**YOUR INSTRUCTIONS**.
Every line from the one containing "Magnetic Gray Metallic" to the end of the records below must be copied exactly, and no pictures may be included.

Short descriptive text snippets
• • • • • • •
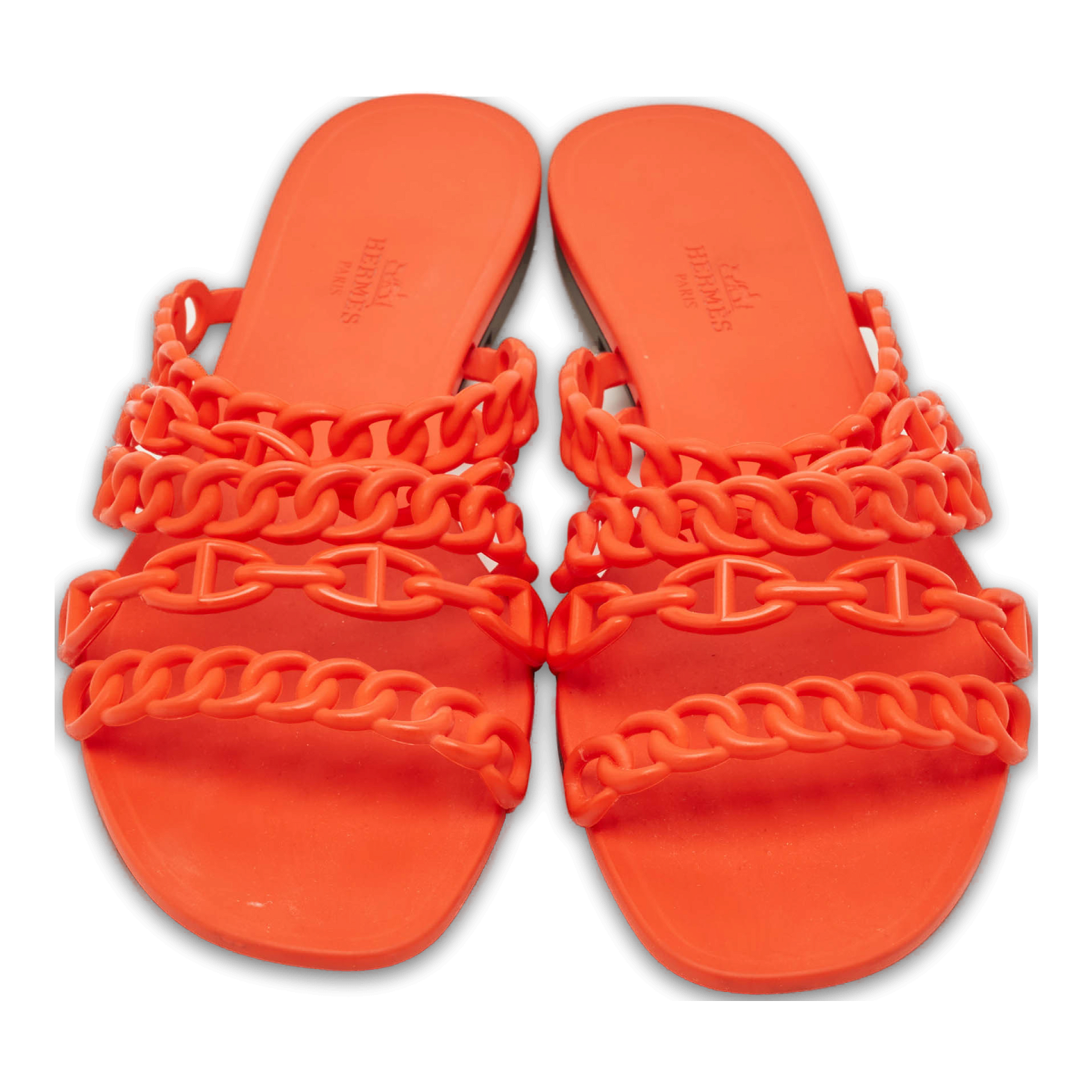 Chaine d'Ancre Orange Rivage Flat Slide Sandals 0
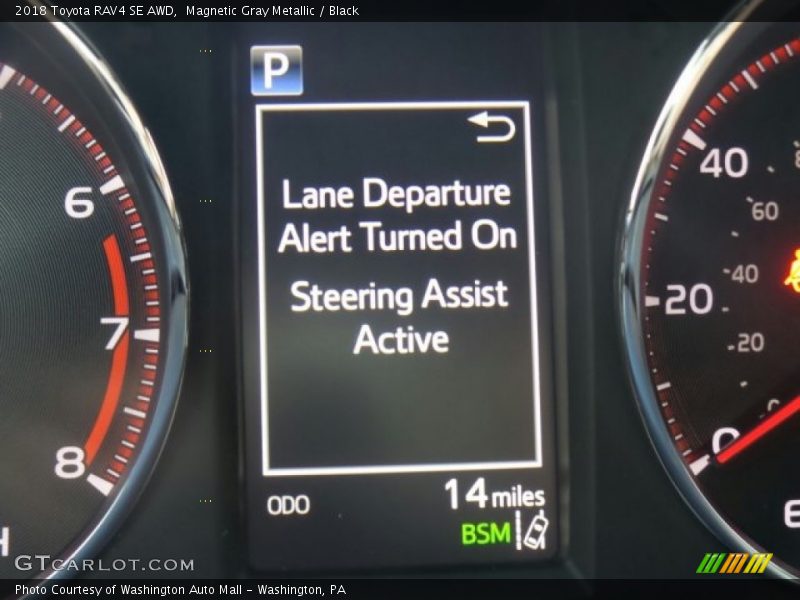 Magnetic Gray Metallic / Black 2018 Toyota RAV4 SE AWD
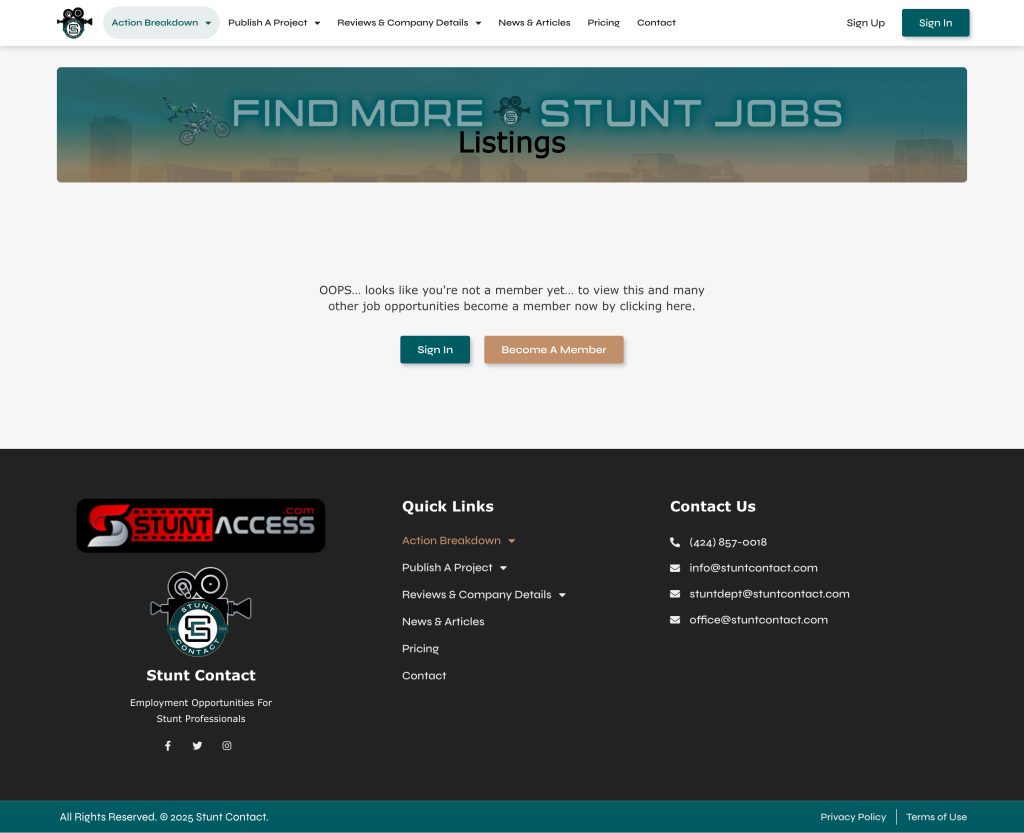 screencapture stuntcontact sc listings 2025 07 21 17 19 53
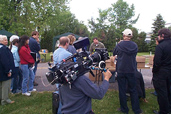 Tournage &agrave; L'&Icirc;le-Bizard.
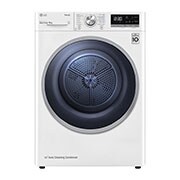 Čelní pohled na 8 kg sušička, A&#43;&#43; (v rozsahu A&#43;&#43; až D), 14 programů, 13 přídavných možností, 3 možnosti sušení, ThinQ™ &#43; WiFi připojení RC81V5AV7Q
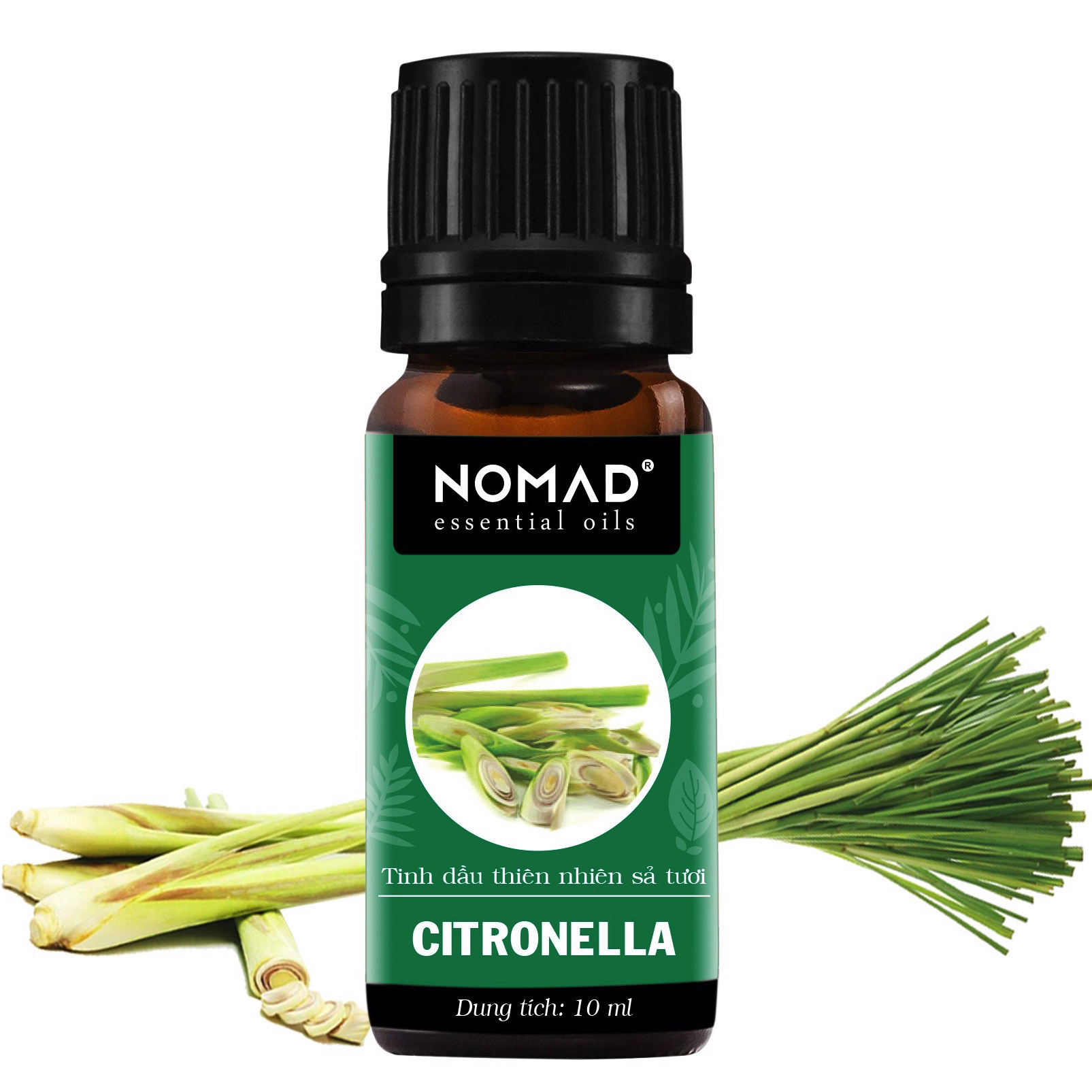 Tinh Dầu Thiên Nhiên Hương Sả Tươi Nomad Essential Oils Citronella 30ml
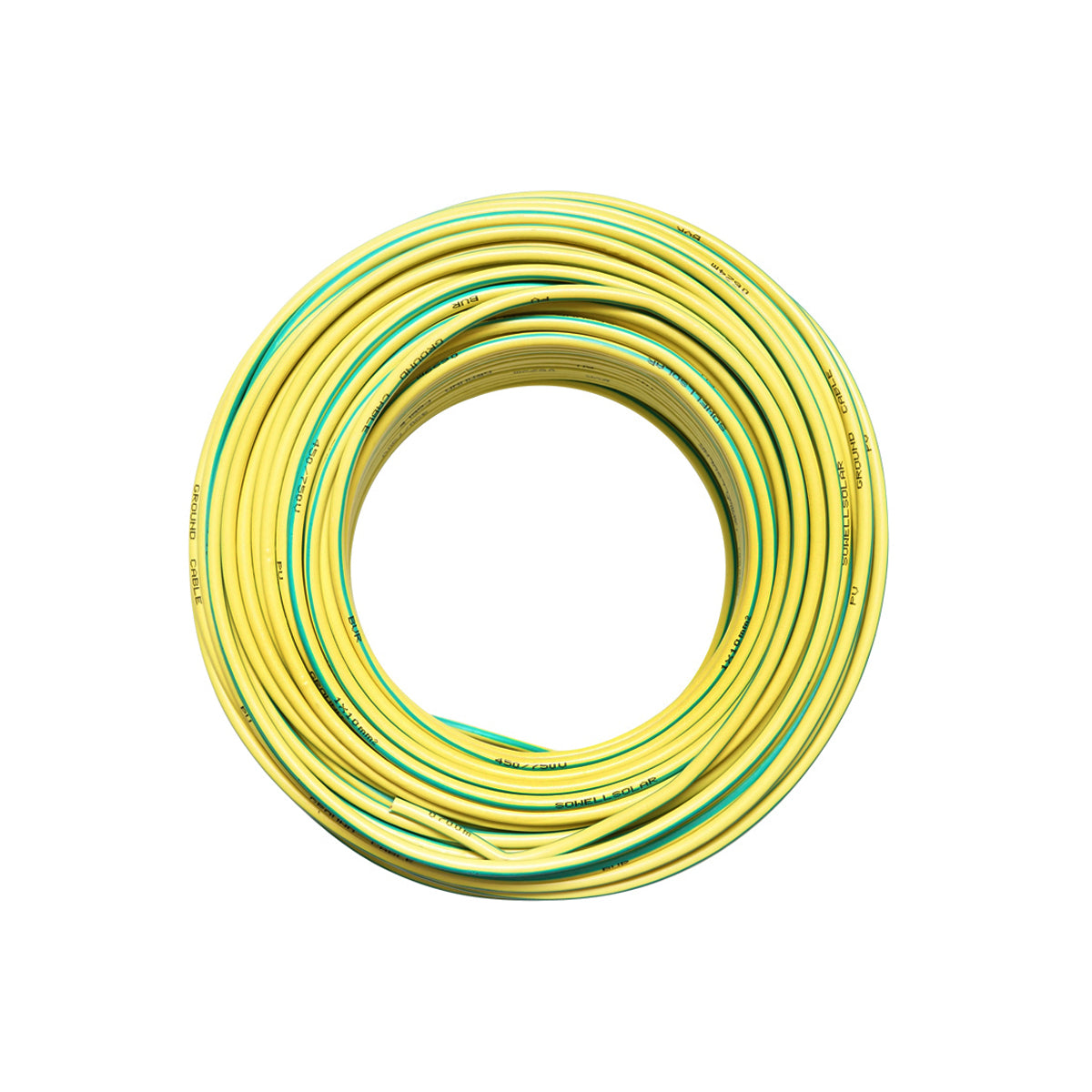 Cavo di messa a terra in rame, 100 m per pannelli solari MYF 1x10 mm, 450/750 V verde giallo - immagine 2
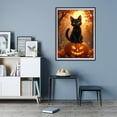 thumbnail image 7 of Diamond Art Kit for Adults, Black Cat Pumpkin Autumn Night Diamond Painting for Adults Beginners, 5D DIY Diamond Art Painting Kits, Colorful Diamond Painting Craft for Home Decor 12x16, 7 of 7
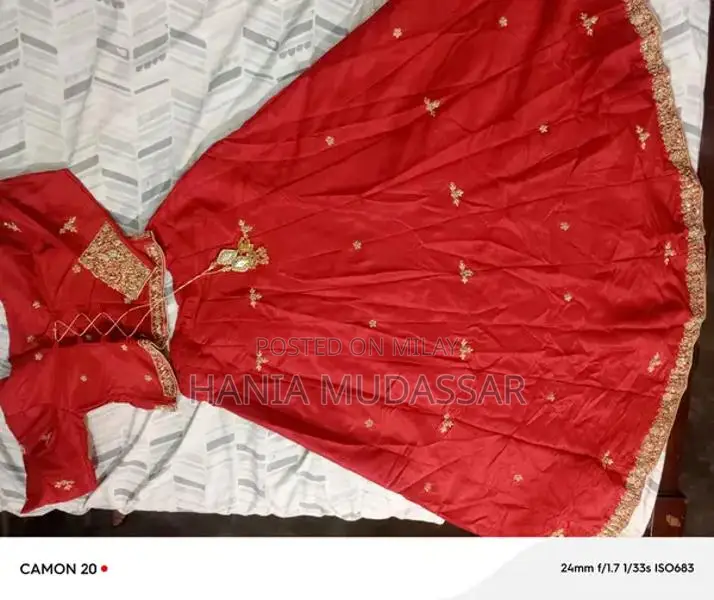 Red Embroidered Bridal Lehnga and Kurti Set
• • • • • • •
**OUTPUT OF THE EXERCISE**.
 Magnetic Gray Metallic / Black 2018 Toyota RAV4 SE AWD
 screencapture stuntcontact sc listings 2025 07 21 17 19 53
 Tournage &agrave; L'&Icirc;le-Bizard.
 Čelní pohled na 8 kg sušička, A&#43;&#43; (v rozsahu A&#43;&#43; až D), 14 programů, 13 přídavných možností, 3 možnosti sušení, ThinQ™ &#43; WiFi připojení RC81V5AV7Q
 Tinh Dầu Thiên Nhiên Hương Sả Tươi Nomad Essential Oils Citronella 30ml
 Cavo di messa a terra in rame, 100 m per pannelli solari MYF 1x10 mm, 450/750 V verde giallo - immagine 2
 thumbnail image 7 of Diamond Art Kit for Adults, Black Cat Pumpkin Autumn Night Diamond Painting for Adults Beginners, 5D DIY Diamond Art Painting Kits, Colorful Diamond Painting Craft for Home Decor 12x16, 7 of 7
 Red Embroidered Bridal Lehnga and Kurti Set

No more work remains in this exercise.